Our policy is mostly a case of only storing the minimum amount of data any online club would need to operate. We also aim to operate the service to commercial standards of terms of internet security.
Who we are?
The Corkage Club is owned and operated by Alexander Lake, email@example.com, and he is the de facto "data controller". We have a phone number, 020 3000 1855, which you may be able to call and leave a message on, but in general email will give the best results.
What information do we collect?
Your personal information consists of:
- Screen name (needn't be your real name)
- Real name (for internal purposes and sharing with your nominations)
- Email address (for operational and administrative contact). Operational would include notifications and newsletters.
- Phone number (optional) used for text messages and any emergency operational purposes
- For full members, who are making payments, we will obviously be able to track payments to your account, but we don't store full payment details on our system (making our systems exempt from PCI/DSS requirements)
- Any settings and club preferences/subscriptions
How do we use personal information?
- Personalisation of content and user experience
- Account set up and administration
What legal basis do we have for processing your personal data?
- When you register with The Corkage Club, you give consent for us to operate a service for you.
- On leaving the club, we may retain minimal data for audit purposes
When do we share personal data?
- We don't share data with anyone - other than in obvious ways such as when you nominate a restaurant
Where do we store and process personal data?
If you transfer data outside the European Economic Area, outline the measures you will put in place to provide an appropriate level of data privacy protection. Eg contractual clauses, data transfer agreements, etc.
How do we secure personal data?
Data is stored on databases connected to the Internet. We aim to keep servers patched and employ secure passwords. We also operate a backup process to guard against hardware and network failure
• to protect data against accidental loss
• to prevent unauthorised access, use, destruction or disclosure
• to ensure business continuity and disaster recovery
• to restrict access to personal information
How long do we keep your personal data for?
Data is kept for the time of your membership and for 12 months after the account is terminated. Financial information will be kept for 6 years. Data may persist in backups for up to 3 months longer.

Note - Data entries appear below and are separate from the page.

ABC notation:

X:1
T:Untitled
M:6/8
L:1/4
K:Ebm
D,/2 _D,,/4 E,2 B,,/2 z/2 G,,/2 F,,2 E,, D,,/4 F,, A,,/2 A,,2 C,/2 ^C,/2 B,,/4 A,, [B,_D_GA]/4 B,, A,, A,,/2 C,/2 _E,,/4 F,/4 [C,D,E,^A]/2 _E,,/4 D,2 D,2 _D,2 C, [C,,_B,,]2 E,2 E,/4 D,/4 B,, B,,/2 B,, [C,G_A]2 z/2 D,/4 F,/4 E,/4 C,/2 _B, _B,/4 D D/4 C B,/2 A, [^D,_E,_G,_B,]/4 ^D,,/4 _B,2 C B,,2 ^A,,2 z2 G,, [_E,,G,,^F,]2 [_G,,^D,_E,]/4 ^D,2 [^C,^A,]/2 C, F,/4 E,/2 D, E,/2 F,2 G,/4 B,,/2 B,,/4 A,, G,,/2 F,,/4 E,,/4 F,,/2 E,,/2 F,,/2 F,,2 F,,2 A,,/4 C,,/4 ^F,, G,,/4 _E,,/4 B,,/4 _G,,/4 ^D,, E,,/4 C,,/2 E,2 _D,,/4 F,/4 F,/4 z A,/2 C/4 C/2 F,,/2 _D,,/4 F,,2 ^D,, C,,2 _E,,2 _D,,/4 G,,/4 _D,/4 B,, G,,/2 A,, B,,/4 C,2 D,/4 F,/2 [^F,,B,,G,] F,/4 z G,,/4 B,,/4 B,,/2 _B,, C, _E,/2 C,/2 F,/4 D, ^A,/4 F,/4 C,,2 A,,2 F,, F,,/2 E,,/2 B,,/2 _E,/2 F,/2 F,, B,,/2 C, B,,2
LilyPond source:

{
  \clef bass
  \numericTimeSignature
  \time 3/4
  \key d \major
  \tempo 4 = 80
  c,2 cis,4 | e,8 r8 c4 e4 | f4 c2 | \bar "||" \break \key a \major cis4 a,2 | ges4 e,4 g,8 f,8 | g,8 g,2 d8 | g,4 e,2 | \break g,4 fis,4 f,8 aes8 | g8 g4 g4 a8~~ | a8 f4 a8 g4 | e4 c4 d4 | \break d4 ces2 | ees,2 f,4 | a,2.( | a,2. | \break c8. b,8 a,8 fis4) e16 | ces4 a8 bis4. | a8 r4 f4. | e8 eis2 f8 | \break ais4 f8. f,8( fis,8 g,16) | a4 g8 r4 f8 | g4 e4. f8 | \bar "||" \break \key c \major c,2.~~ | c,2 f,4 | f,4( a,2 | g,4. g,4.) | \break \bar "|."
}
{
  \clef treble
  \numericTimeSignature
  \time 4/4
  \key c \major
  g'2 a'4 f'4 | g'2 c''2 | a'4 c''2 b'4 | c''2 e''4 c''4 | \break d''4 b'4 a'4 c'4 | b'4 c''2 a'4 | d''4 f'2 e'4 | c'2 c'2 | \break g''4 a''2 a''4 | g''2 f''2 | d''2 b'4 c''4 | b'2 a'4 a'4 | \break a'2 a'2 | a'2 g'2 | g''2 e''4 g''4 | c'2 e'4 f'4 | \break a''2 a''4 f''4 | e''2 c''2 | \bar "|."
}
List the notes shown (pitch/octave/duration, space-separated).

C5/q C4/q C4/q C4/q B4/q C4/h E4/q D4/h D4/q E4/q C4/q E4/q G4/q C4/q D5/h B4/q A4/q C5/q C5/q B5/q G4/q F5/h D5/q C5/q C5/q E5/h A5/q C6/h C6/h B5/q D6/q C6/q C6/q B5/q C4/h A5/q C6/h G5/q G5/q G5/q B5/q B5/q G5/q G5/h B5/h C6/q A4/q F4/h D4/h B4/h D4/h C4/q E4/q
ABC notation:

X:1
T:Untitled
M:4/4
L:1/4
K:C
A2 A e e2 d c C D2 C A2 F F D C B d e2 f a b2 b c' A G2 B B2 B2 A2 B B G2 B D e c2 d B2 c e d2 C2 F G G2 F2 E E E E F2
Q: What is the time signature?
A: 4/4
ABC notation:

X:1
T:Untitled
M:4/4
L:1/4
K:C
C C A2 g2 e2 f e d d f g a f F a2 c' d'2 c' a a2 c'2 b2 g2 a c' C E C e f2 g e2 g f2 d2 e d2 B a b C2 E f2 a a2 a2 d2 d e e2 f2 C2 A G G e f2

Your rights in relation to personal data
If you require a copy of the data held on you, contact the data controller on the email address above in case of
• access to personal information
• correction and deletion
• withdrawal of consent (if processing data on condition of consent)
• data portability
• restriction of processing and objection
• lodging a complaint with the Information Commissioner’s Office
We would expect to deliver a copy of your data/respond to your request within 10 working days.
Use of automated decision-making and profiling
We don't do any of that
Linking to other websites / third party content
Links to third party sites should not be taken as formal endorsement and we can't police any offensive content found on them or vouch for their safety. However, please report any issues and we will deal with them.
Please report any problematic third party content (eg. images, text, etc) and we will deal with them as soon as possible (within 5 working days). If this becomes an issue, we will automate a "whistle-blowing" process.